O Marco Civil "ajudará a iluminar uma nova era na qual os direitos dos
cidadãos serão protegidos por leis digitais em todos os países do
mundo", afirmou o cientista britânico Tim Berners-Lee, considerado o
inventor da internet e um dos especialistas a elogiar a iniciativa
brasileira.
Enrique Dans, autor de um dos dez blogs mais lidos do mundo em língua
espanhola, afirmou à Agência Efe que a lei brasileira é "uma tentativa
real, protagonizada por um país verdadeiramente relevante no contexto
internacional, de adaptar as regras do jogo e o contrato social ao
contexto atual, condicionado por tudo o que sabemos após as revelações
de Edward Snowden".
Dans, especialista em tecnologia digital, acredita que a necessidade de
uma legislação para internet se tornou mais evidente do que nunca em
meados do ano passado, quando o ex-funcionário terceirizado da CIA
começou a revelar documentos confidenciais sobre os programas de
espionagem de telecomunicações do governo americano.

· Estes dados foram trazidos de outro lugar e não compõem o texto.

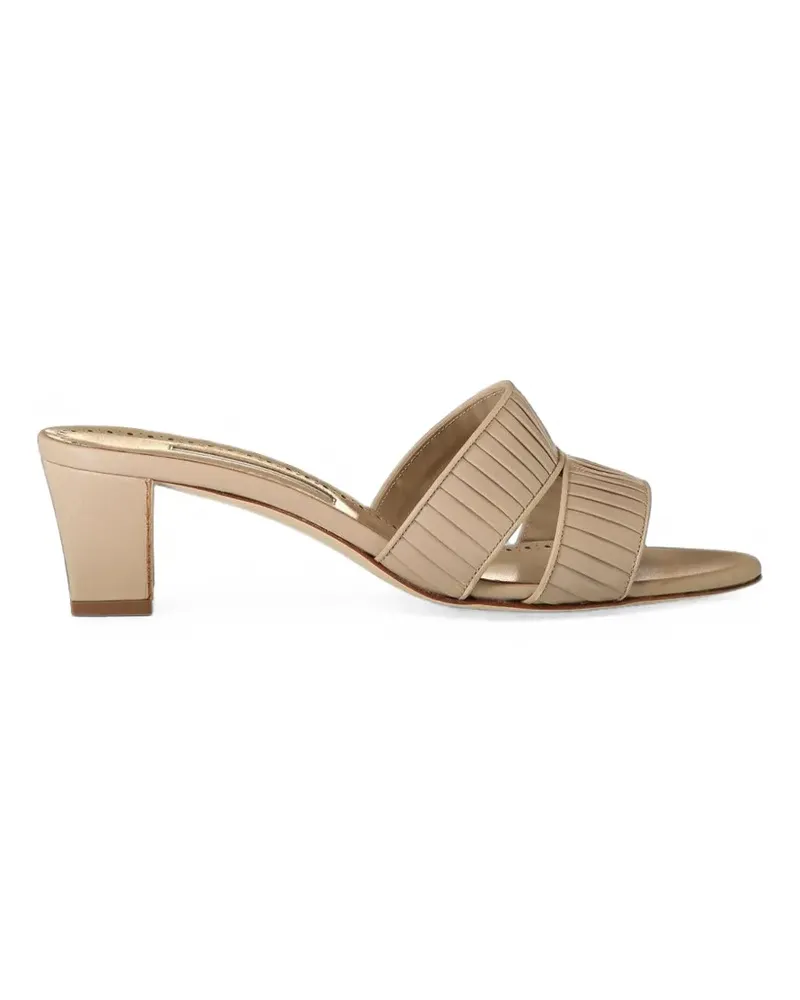 Manolo Blahnik Lusinamu pleated leather sandals - Nude Nude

"O Brasil tenta realizar uma aproximação com três problemas importantes
que condicionam questões que vão desde a convivência entre pessoas e
empresas até as relações internacionais: a liberdade de expressão, a
privacidade e a neutralidade da rede", explicou Dans.

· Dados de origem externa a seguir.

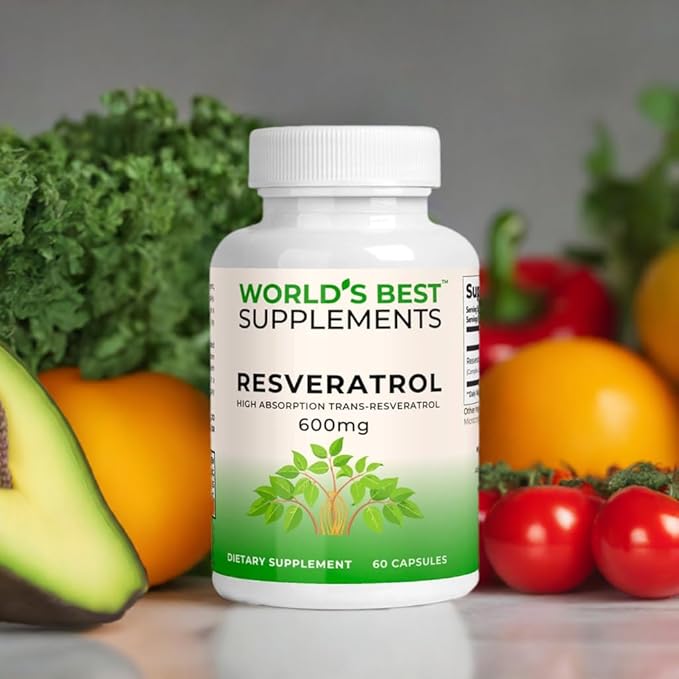 World's Best Supplements Resveratrol 600mg | 50% Trans-Resveratrol | 60 Capsules | 60 Servings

"O impacto desses três temas é fundamental e, apesar de não ser possível
tratá-los pela ótica de um só país, é importante contribuir para
construir as bases sobre as quais serão abordados os possíveis acordos
internacionais nesse sentido", acrescentou.
Um dos aspectos centrais da lei brasileira é a proteção da neutralidade
de internet, entendida como a limitação do controle do tráfego pelas
operadoras para evitar discriminações geográficas ou acessos
privilegiados quanto à velocidade de conexão e conteúdo.
Marcelo Thompson, subdiretor do Law and Technology Centre, da
Universidade de Hong Kong, e participante do longo processo de
deliberação sobre a legislação brasileira, disse que "é preciso dar as
boas-vindas à lei".
Mas destacou que "tem um viés a favor das empresas" (como Google e
Facebook), que ficam isentas da obrigação de eliminar conteúdos
ofensivos ou ilegais quando não houver sentença judicial prévia.
A lei brasileira incorporou uma exceção a esta isenção de
responsabilidade: as empresas deverão retirar conteúdo pornográfico
publicado sem consentimento ou casos de "revenge porn" (vídeos íntimos
divulgados por antigos amantes ou parceiro como vingança pelo
rompimento).
"É difícil, mas é preciso chegar a compromissos razoáveis: a total
restrição para as provedores de internet é incompatível com a liberdade
de empresa em sociedades livres", concluiu Thompson.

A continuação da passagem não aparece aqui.